We searched for papers about 3D talking heads in the Google Scholar database. During the screening process, we employed the following keywords and word combinations: 3D talking head, 3D talking face generation, audio-driven 3D talking face, applications, VR, AR, MR, telepresence, XR, and others. The search resulted in 96 articles, of which 19 were from our previous research. Then, 75 were excluded based on the following criteria: articles published more than 5 years ago (5), review articles (2), extended abstracts (2 pages in total) (6) or additional materials (Appendix A) (3) and based on a head model, not fully 3D (59). Finally, the content of 21 articles was examined in detail; these articles were considered as the most relevant on the topic and included in the review of 3D talking head algorithm application as of a telecommunication system.
1.4. Paper Structure
The structure of the article is illustrated in Figure 2. Section 1 contains a brief introduction to the topic. In Section 2, the talking head animation representation in Shared Virtual Environments for this research is given. Section 3 presents assessment criteria for 3D talking head algorithm applications in Shared Virtual Environments. Finally, the article is concluded in Section 4.
Figure 2.
Paper structure. The article is divided into five sections: Introduction, two sections where the main contributions of the article are presented and a Conclusion.
3. Assessment at 3D Talking Head Algorithms in SVE
In the evaluation of 3D talking head algorithms for their application in Shared Virtual Environments, it is crucial to delve into their capabilities and suitability across diverse VEs. In this section, we review the talking head algorithms based on the criteria we have introduced so far. To comprehensively present their performance, Table 4 offers a detailed overview covering a set of criteria presented in Table 3, their focus in terms of their understanding of improving realism, and computational resources, where presented by the authors. It is essential to note that these three interrelated components together form a multidimensional evaluation framework for talking head algorithms. These methods aim to achieve heightened realism and seamless integration within diverse SVEs, and the assessment encompasses all aspects to ensure their effective deployment.
3.1. Realism Implementation
Also, it is of particular importance to derive information about user perception through user studies related to the generated talking heads [57,108]. Such an evaluation of the interaction between the virtual characters and the user reveals details and possible problems, the resolution of which would contribute to a more immersive and engaging user experience. Striving for excellence, the result of the talking head algorithm needs to be as realistic as possible. This need for a comprehensive set of strategies is required to be employed throughout the development process.
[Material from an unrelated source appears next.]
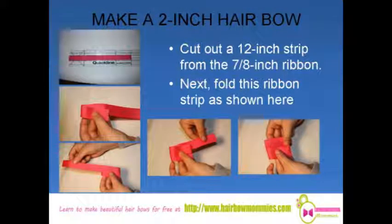Cut out a 12-inch strip from the 7/8-inch ribbon. Next, fold this ribbon strip as shown here.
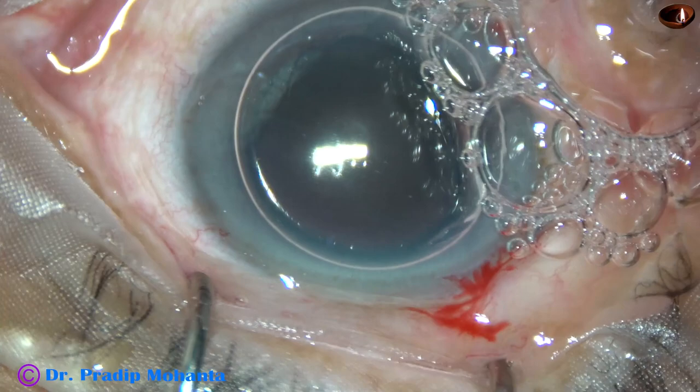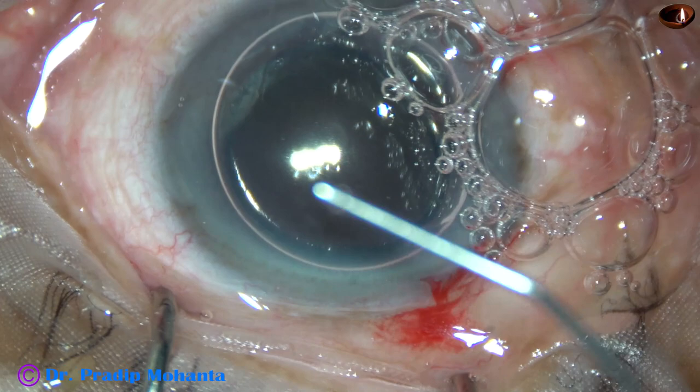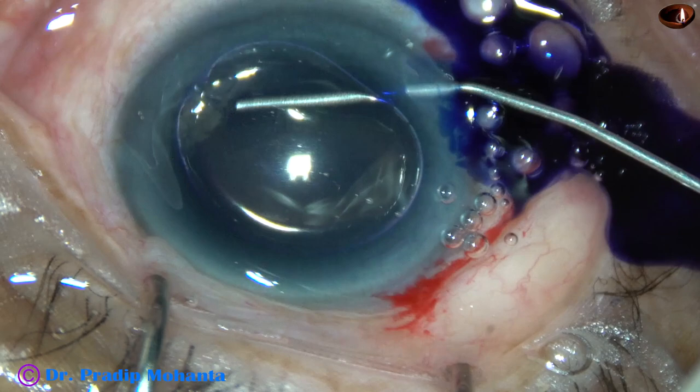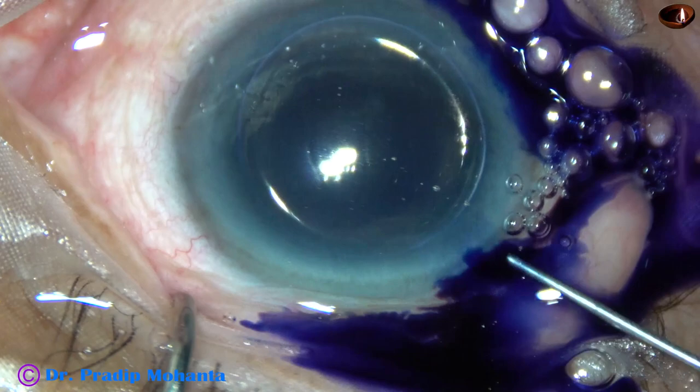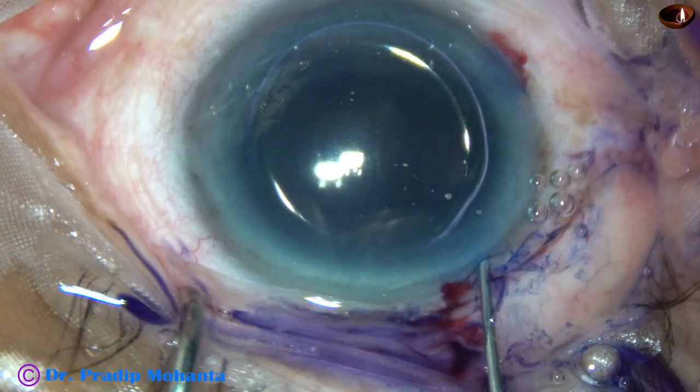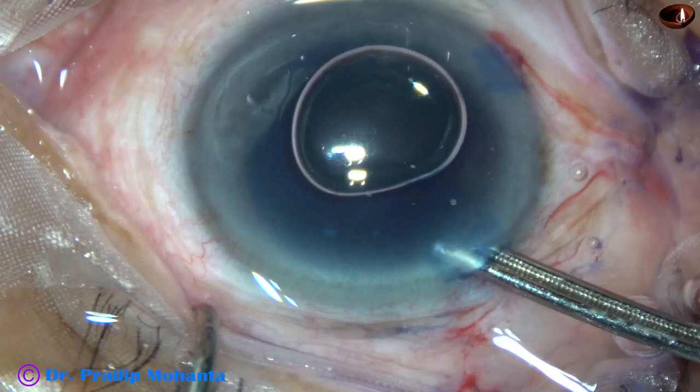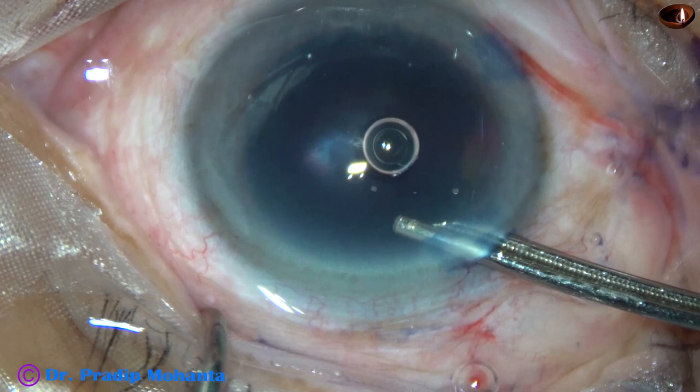An air bubble is injected into the anterior chamber. And beneath this air bubble, trypan blue 0.06% dye is going to be injected. Why stain this capsule? Because we will get some contrast to do capsulorhexis if we stain the capsule. This is a bit of adrenaline to maintain the dilatation of the pupil. The dye is thoroughly washed out.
This requires a set of comprehensive approaches that need to be used throughout the development process. These strategies are aimed at enhancing different aspects of realism and immersion, contributing to the creation of a convincing and engaging virtual experience using realistic audio-visual fusion [109], facial expressions and head pose consistency [116], 3D facial animation [103,106], synchronized audio and high-resolution 3D sequences [114], coherent poses and motion matching speech [107,111], lip synchronization and realistic expressions [58,61,62,113], audio quality and spatial realism [60], highly realistic motion synthesis [63], emotion transfer and user perception [108], improved visual appearance [57], realistic representation and spatial alignment [59].
Whether visemes are spoken by native speakers or not is another crucial question that has not been fully investigated. Visemes are the visual representations of various speech sounds created by facial muscles such as the tongue, lips, jaw, and jaw muscles. To create a believable talking head, precise lip synchronization and true mouth movements are essential. When performed by a native speaker of the language, the accuracy and proficiency of visemes pronunciation can be greatly improved. The correctness of viseme production is directly influenced by the natural command of phonetics, intonation, and speech rhythm that native speakers have. Visemes are created with the help of a native speaker to make sure that the virtual character’s lip movements and the spoken words are perfectly in sync. This creates a more accurate and convincing visual depiction of speech. Missing out on this detail could result in stuttering, awkward lip movements, and a general loss of realism in the talking head’s delivery. The paradox in this situation is that if the speaker is a non-native speaker and the natural speaker’s lip movement is influenced by the non-native speaker’s mother tongue, the same thing may still happen. Although the viseme in this instance will not be realistic, it will be real to the non-native speaker.
These considerations can be included in future research to produce more thorough and accurate findings, guaranteeing that the virtual character’s interactions are accurate not only aesthetically and vocally but also culturally and linguistically. The research can contribute to a comprehensive approach to generating fully lifelike and culturally aware virtual characters that are more accurate with a diverse range of users by addressing cultural quirks and integrating native speakers in visual pronunciation.
3.2. Covered Criteria for Talking Head Implementation
Regardless of the context of the talking head application, VR, AR, MR, or Telepresence, two criteria are not only common and inherent, but they can be referred to as the base, namely the enhancement of reality and the presence of the user in the virtual environment. According to the directionality of algorithms proposed in the scientific literature, the number of specific criteria increases. Meeting all these criteria should not be seen as a prerequisite, but rather these criteria should be regarded as interrelated elements to increase interest and enhance the comprehensive application of these technologies. The ability to develop innovative methods that increase the realism of virtual experiences increases interest in building different approaches aimed at creating immersive and engaging interactions between individuals and virtual objects. The realization of this concept has been revealed to varying degrees or adopted through different approaches. The coverage and perception of evaluation criteria are subjective, as the same algorithm criteria can be assigned to one or more implementation criteria. Hereafter, in this section, we offer our perspective on results, presented in Table 4.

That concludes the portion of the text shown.